ST. LOUIS, MO., JANUARY 28, 1916.

ARE ATTORNEYS WHO ASSIST A CORPORATION IN PRACTICING LAW GUILTY OF PROFESSIONAL MISCONDUCT?

The question of the unlawful practice of the law continues to agitate the profession, which, in some states seems to be determined to rid itself of unlawful competition of laymen and corporations in the practice of law. In our first issue of the current year we had occasion to publish in full the recent opinion of the Tennessee Court of Appeals in the case of Grocers. & Merchants Bureau of Nashville v. Gray, which held that a collection agency offering to give legal advice with respect to commercial matters placed in their hand was practicing law and that the courts would not assist them in securing compensation for services rendered under such a contract. See 82 Cent. L. J. 16, where, in an exhaustive note, we have collated the authorities defining the practice of law.

Now comes the Appellate Division of the Supreme Court, of New York, and in an opinion handed down in December, 1915. in the case of In the Matter of Pace and Stimpson, holds: "That it is unlawful for a corporation, whether domestic or foreign, to practice law in this state, and any member of the bar, who assists a corporation in violating the law in this respect, is guilty of professional misconduct."

There hardly will be any surprise expressed at the attitude of the court in holding that preparing the necessary papers to incorporate a company under the laws of any state constitutes the practice of law.

And in this respect the opinion of the court in this case is in harmony with the great weight of authority in this country when it quotes with approval the following language of the South Carolina Supreme Court: "It is too obvious for discussion that the practice of law is not limited to the conduct of cases in courts. According to the generally understood definition of the practice of law in this county, it embraces the preparation of pleadings and other papers incident to actions and special proceedings on behalf of clients before judges and courts, and in addition, conveyancing and preparation of legal instruments of all kinds, and in general, all advice to clients and all action taken for them in matters connected with the law."
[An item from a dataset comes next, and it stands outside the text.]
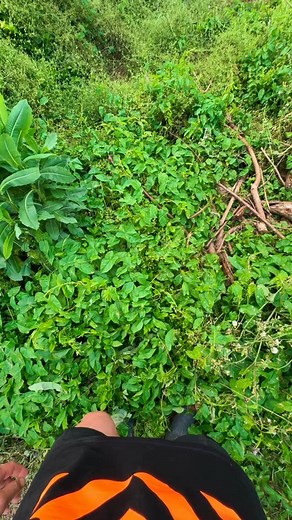 2.4K views · 949 reactions | Memory Lane | Farm 4 Life | Facebook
Reasoning from this premise it was at matter that presented no logical difficulty for the court to hold that incorporating a company was law business. On this point the court added: "The incorporation of a company involves the interpretation of statutes, the preparation of proper papers and a consideration of the nature of the corporation to be formed, in order that it may meet the needs of its projectors. All this calls for the application of legal knowledge and skill and the consequent rendering of legal advice and services."
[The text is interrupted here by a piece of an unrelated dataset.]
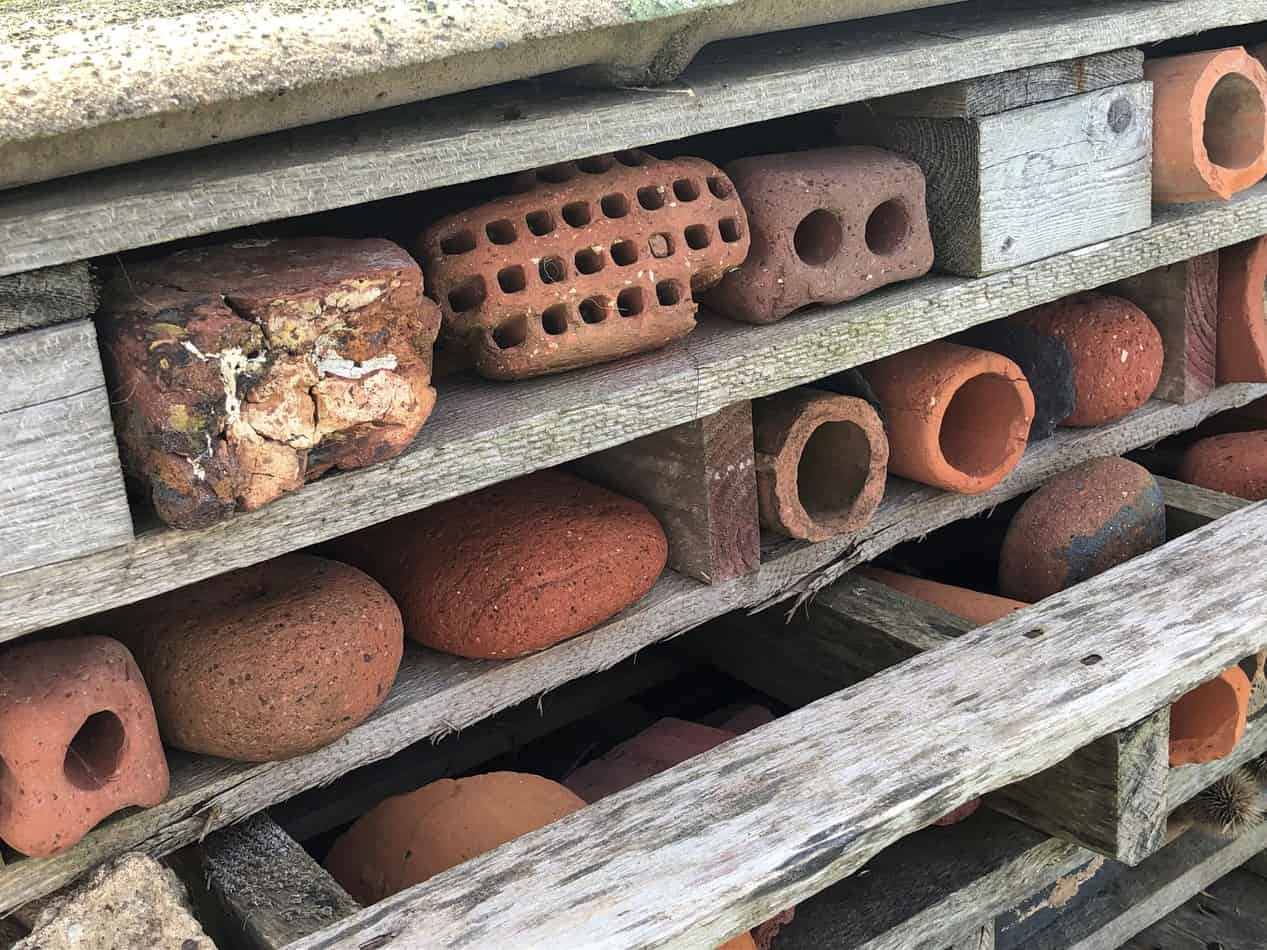 How to assemble a bug house - this bug house can be found in Hornsea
In this case it appeared that the respondents, Francis P. Pace and H. C. S. Stimpson, attorneys in good standing at the New York bar, had been employed to represent in that city the Corporation Company of Delaware, a corporation, whose chief business was to organize corporations under the Delaware law. The corporation advertised that its representatives would, for a stated fee, furnish and fill out the proper blanks for the incorporation of any company under the Delaware law.

It is interesting to note in this connection that the court paid little heed to the argument of respondent's counsel that the

services rendered by the Corporation Company of Delaware were purely ministerial. and consisted in merely filling out proper forms designated by the Delaware law. On this point the court said: "It is true that the legislature has made it so simple and apparently easy to incorporate a company that it often happens that laymen, guided by stationers' blanks, undertake to perfect incorporation without legal advice, and sometimes without untoward consequences. But this does not prove that the incorporation of a company according to statute does not involve, properly speaking, legal advice which, in practically every case, is requisite if there is to be assurance that the work when done has been done legally and properly."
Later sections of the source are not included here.